- **What is expected**
After finding "Poignée de porte" in the data, write out its line and all following lines without change, up to and including the last one. Leave out pictures.

==*==

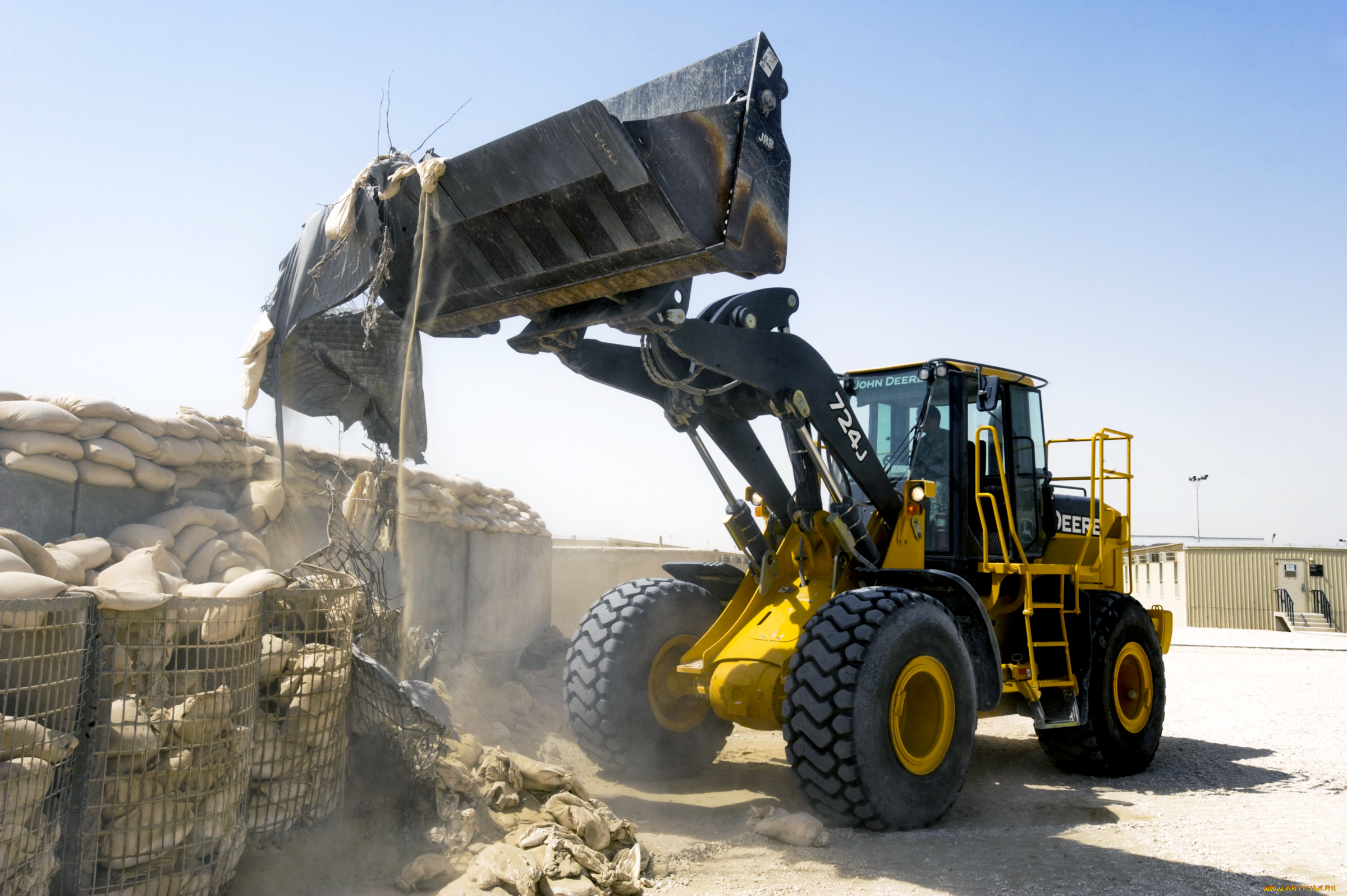 техника, фронтальные, погрузчики, john, deere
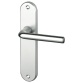 Poignée de porte intérieur - Courchevel - sur plaque - entraxe 165 mm - alu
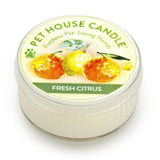 Pet House Candle Fresh Citrus on a white background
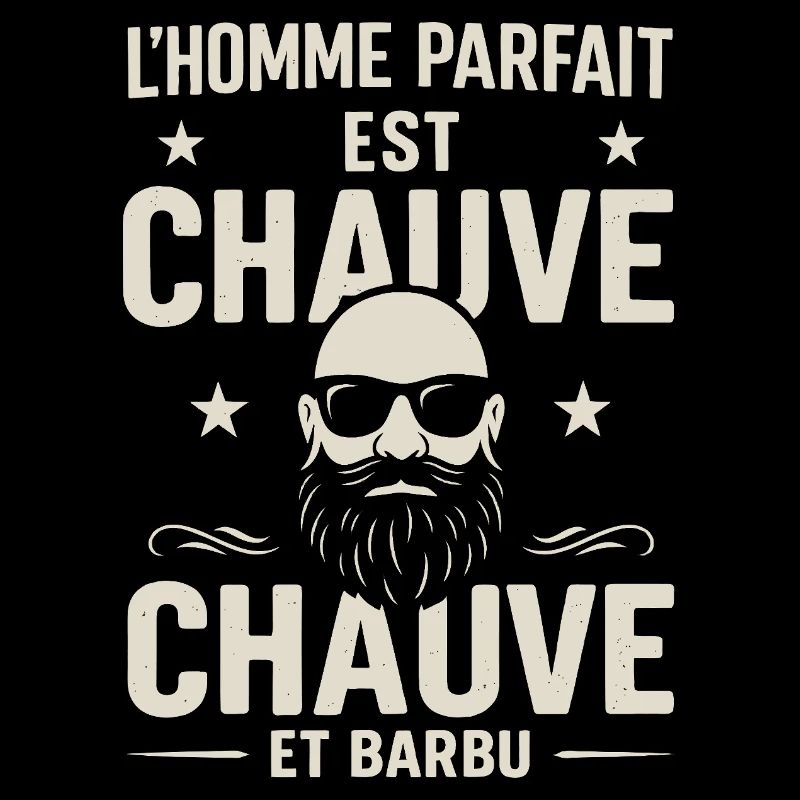 Der perfekte Mann hat eine Glatze und einen Bart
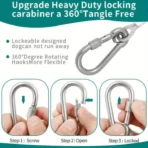 Heavy-Duty Stainless Steel Clothesline Wire with Safety Lock Hooks - Image 2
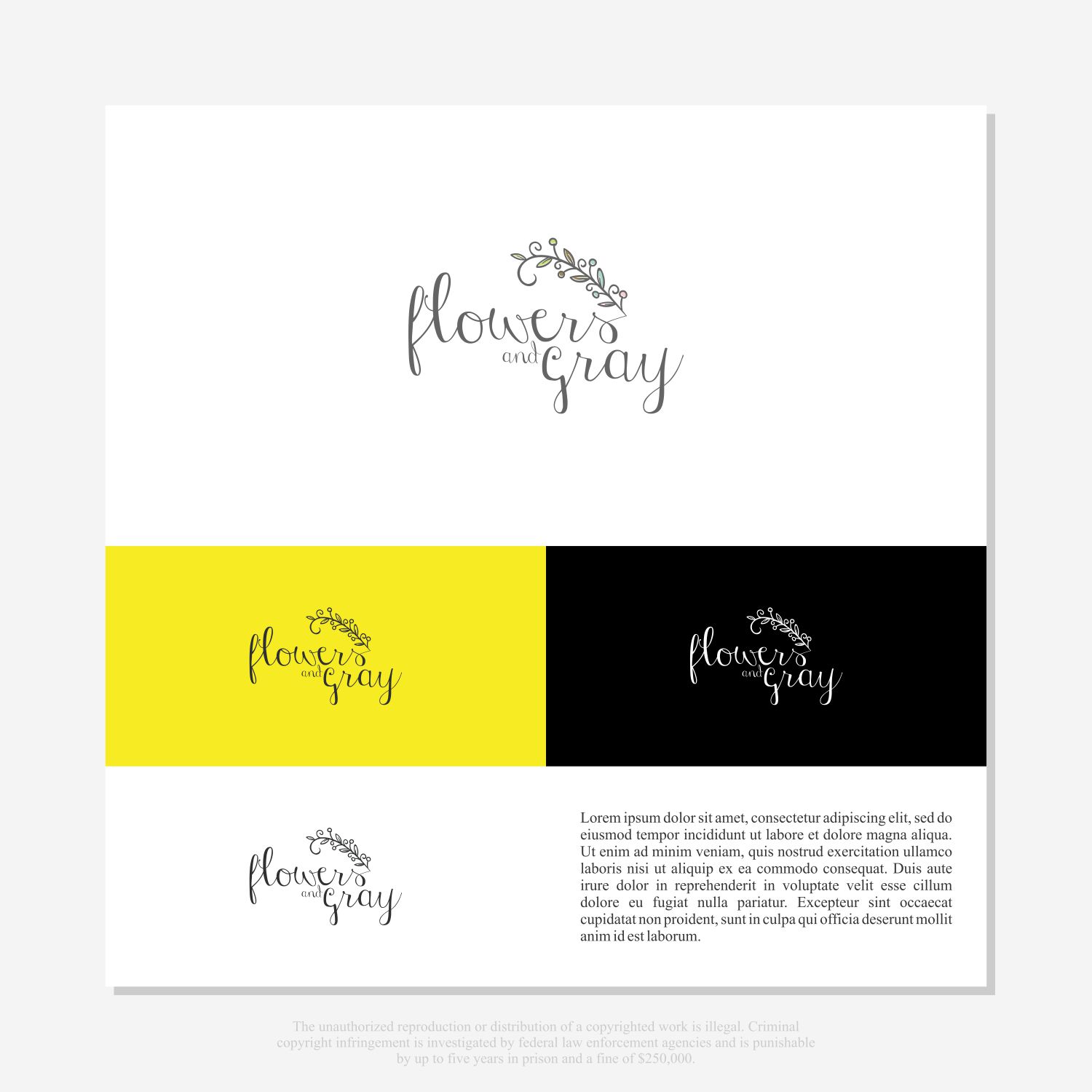 Diseño de Logo por Dindin Sobariyatna para Flowers and Gray | Diseño #11872411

==*==

- **Response for this exercise**
 Poignée de porte intérieur - Courchevel - sur plaque - entraxe 165 mm - alu
 Pet House Candle Fresh Citrus on a white background
 Der perfekte Mann hat eine Glatze und einen Bart
 Heavy-Duty Stainless Steel Clothesline Wire with Safety Lock Hooks - Image 2
 Diseño de Logo por Dindin Sobariyatna para Flowers and Gray | Diseño #11872411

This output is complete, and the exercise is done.